It has been a week since Japan was shaken by a massive Earthquake. If I learned anything from working in a record shop after the Haiti earthquake, it’s that a lot of charity projects are heading for download stores near you. Some of them might be good. A lot of them will be bad. A few might be downright ugly.
How do you decide which ones to promote or take part in? How do you say “no” to the others? As usual, I’ve got some ideas.
10 Guidelines for Participation in Charity Projects
1) Only waive your share of the revenue on an album project if everybody involved (label, artist, publisher, distributor, retailer) waives their share. This should help keep it clean.
2) Only promote an album as a charity project if either…
a) …100% of the purchase price goes to the charity in question.
b) …the portion of proceeds to be donated can be clearly stated everywhere the product is offered for sale.
3) A charitable project or promotion must generate considerably more for the charity than the monetary and opportunity cost of executing and promoting it, otherwise it would be more cost-effective to simply make a donation.
4) Choose charity projects that fit within your existing promotional real-estate and functionality unless it’s your job or core competency to build a donations platform.
5) Don’t use your brand to solicit donations to a third-party organisation through a third-party platform or social network. Do it personally, and encourage your friends to do the same.
6) Only collect donations from the public when you can be confident that 100% of these donations will go, (and will appear to go) to the cause in question.
7) Support humanitarian causes in public and political causes in private.
8) The decision to support humanitarian causes should be guided by the desire to help that cause, not by the desire to look good or to secure publicity.
9) Only engage in public fundraising when you expect to raise a significant amount of money.

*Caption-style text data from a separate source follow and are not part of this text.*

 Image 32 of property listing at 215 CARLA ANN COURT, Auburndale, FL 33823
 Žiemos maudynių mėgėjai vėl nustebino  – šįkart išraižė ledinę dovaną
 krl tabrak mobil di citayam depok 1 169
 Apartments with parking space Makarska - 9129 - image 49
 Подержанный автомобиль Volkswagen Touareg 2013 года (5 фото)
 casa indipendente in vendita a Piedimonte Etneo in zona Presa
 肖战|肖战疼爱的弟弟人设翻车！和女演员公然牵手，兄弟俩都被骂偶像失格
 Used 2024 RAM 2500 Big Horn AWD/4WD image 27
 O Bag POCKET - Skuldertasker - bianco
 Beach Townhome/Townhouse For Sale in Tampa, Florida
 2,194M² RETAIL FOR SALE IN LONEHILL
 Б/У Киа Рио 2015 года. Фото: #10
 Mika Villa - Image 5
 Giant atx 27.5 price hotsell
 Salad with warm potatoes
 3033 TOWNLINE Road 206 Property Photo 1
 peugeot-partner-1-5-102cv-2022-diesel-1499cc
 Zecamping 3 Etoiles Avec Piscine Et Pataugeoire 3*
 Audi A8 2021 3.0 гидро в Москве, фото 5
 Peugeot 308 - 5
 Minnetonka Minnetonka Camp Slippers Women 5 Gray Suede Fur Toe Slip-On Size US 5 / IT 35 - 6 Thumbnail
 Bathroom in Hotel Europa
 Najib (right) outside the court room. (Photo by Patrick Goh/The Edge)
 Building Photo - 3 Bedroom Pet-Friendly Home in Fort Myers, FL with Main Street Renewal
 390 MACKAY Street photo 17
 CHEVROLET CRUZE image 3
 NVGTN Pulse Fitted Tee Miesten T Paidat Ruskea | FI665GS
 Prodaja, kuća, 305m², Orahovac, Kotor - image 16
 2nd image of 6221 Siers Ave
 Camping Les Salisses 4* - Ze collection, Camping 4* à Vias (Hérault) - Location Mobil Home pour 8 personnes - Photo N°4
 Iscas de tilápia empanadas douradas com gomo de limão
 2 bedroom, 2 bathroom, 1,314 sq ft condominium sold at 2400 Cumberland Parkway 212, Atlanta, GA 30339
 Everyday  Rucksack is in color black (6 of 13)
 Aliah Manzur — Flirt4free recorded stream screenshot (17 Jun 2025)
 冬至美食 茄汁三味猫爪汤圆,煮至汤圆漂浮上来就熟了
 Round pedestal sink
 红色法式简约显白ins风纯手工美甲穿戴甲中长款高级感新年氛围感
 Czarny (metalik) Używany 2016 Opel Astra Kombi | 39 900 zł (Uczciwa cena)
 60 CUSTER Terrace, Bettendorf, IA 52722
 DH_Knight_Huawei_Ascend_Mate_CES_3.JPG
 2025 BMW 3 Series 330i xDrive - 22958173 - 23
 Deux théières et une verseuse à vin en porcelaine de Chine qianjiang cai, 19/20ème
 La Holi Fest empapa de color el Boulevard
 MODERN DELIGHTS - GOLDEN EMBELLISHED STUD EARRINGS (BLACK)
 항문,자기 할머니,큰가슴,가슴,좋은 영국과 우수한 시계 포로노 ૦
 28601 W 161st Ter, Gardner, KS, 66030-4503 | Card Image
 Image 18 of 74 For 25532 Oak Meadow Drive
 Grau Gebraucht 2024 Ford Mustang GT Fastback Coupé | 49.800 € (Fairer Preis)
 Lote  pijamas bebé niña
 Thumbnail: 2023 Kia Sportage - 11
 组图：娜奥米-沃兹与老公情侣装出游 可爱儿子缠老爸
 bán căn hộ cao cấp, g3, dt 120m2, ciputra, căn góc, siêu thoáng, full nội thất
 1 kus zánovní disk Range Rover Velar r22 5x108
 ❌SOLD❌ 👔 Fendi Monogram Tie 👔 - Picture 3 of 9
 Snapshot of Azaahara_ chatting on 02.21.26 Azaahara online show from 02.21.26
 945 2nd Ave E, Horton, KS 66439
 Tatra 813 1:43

10) In the event of a major disaster, your response should be co-ordinated to channel support through a single reputable and internationally recognised organisation.
If you’d like to make a transparent appeal for donations to an international audience, you might find it helpful to know that the International Federation of Red Cross and Red Crescent Societies can take a credit card payment from anywhere in the world through this page. If your audience is local, it might be more tax-efficient to make a donation to your local Red Cross society.
Woo-hoo! Our charity album passes your litmus test. But in all sincerity, everything you’ve pointing out is quite apt. And although my foundation’s charity album isn’t in response to a natural disaster, much of your list can be readily adopted to other charity projects.
Charity albums should also attract a certain level of gift-in-kind attention from studios, technicians, etc. Productions costs add up just as fast as artist costs so finding a group that can convince everyone related to those avenues about the value of their project should speak volumes to donors.
Charity albums also reach a different level when they contain a certain amount of original material – or new recordings made expressly for the benefit album – as opposed to something consisting solely of re-licensed content (not to say the latter has no value, nothing could be further from the truth).
If the organization responsible for the album is a registered nonprofit, their album must contain some of the items in your list, especially the net proceeds ratio as well as including educational literature detailing the organization’s mission statement and providing information on beneficiaries.
Finally, your point about a most favored nations clause is equally important and should be spelled out with specific language in the artist agreement (BTW, make sure they have a written agreement!).